# Help Overclocking ATI Mobility Radeon X1300



## grnghiskhano (Jul 16, 2007)

Hello,
I haven't been able to overclock the video card on my T60 laptop, I've installed the Atitool when I click on find "find max core" the cube does it's thing but nothing happens, it doesn't find the max (last time a did it for 16 hours without luck).

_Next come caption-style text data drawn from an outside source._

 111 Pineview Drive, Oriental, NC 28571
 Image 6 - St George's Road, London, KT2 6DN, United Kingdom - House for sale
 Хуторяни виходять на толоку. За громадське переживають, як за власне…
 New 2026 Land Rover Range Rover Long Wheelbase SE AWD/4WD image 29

If I move the bars to change the frequency they always go back to 89.95/89.95 when I click on set clock.
please help.

Since I'm new to this I'm sure I'm doing something wrong,  here is my card info, this is what the ATI CATALYST control center show, (atitool says it has 64 mb of memory not 512 mb  )

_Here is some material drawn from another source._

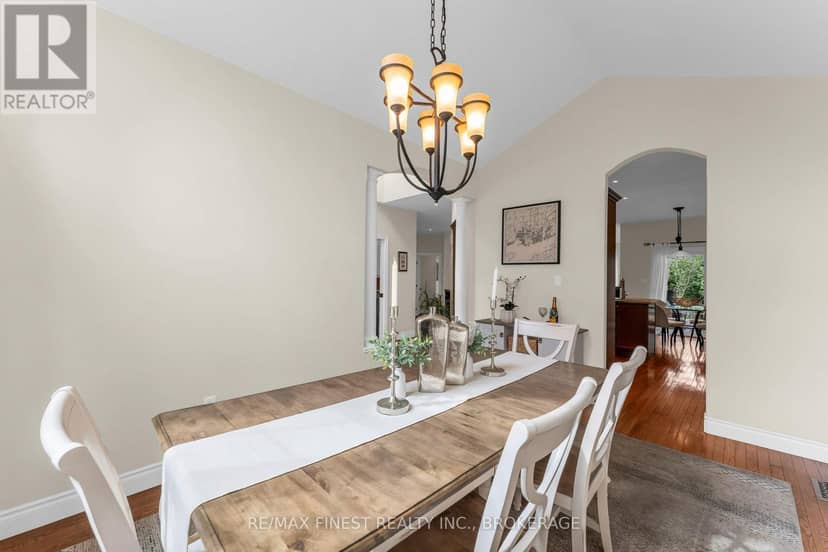 1309 Andersen Drive — photo 7 of 40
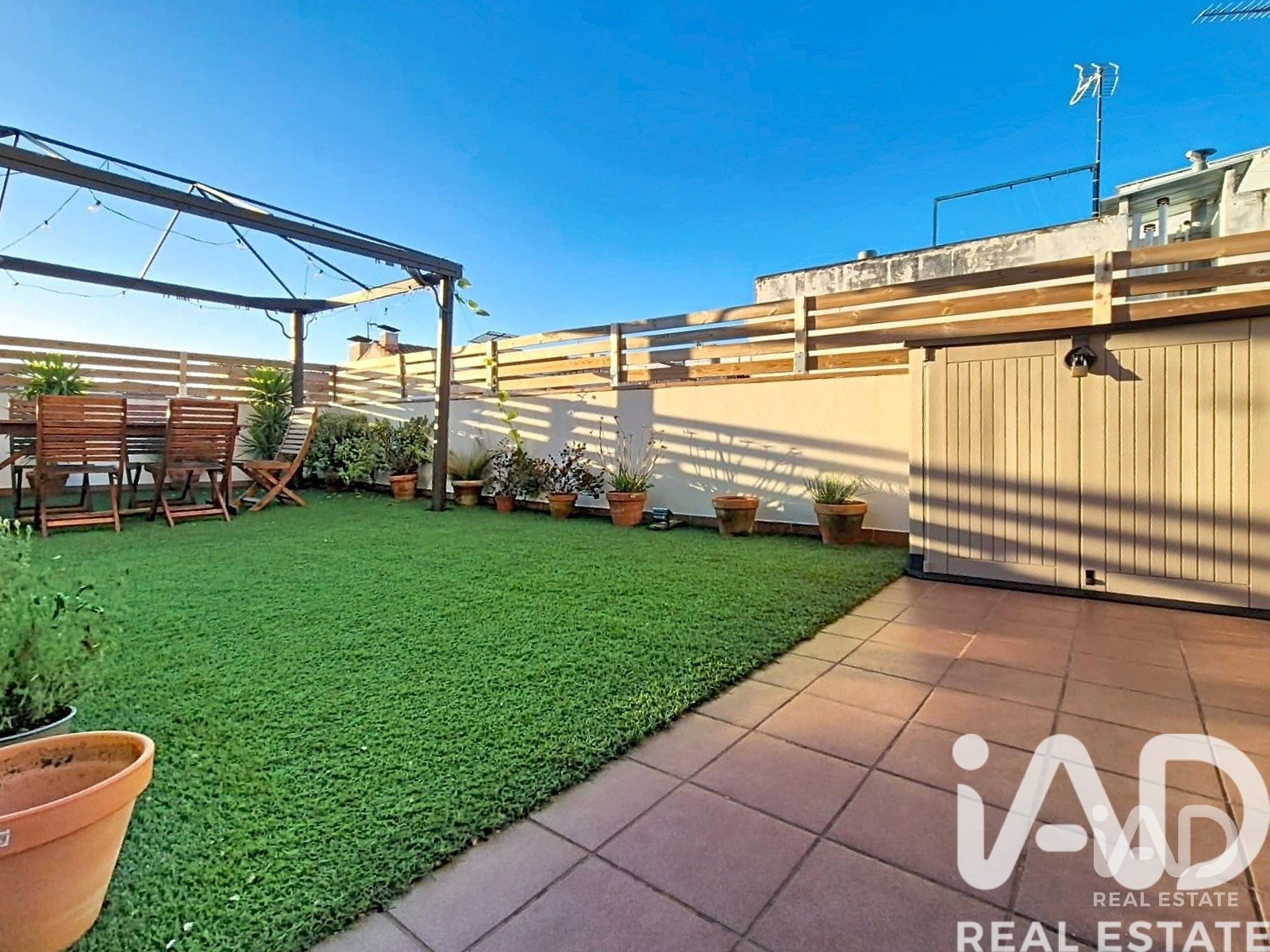 Duplex à Canet de Mar, Barcelona, Espagne 2 chambres, 96 m2 No. 173180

Graphics Card Manufacturer	Powered by ATI	
Graphics Chipset	ATI Mobility Radeon X1300	
Device ID	7149	
Vendor	1002	

Subsystem ID	2005	
Subsystem Vendor ID	17AA	

Bus Type	PCI Express	
Current Bus Setting	PCI Express	

BIOS Version	009.012.001.025	
BIOS Part Number	BK-ATI VER009.012.001.025	
BIOS Date	2006/12/21	

Memory Size	512 MB	
Memory Type	HyperMemory	

Core Clock in MHz	392 MHz	
Memory Clock in MHz	324 MHz	

Primary Display	Yes


----------



## Trigger911 (Dec 5, 2007)

I have the same card and problem in a dell inspiron 6400


----------



## MikeAaronB (Jan 21, 2008)

I have the same card and the same problem. Please, someone help me (us, rather).


----------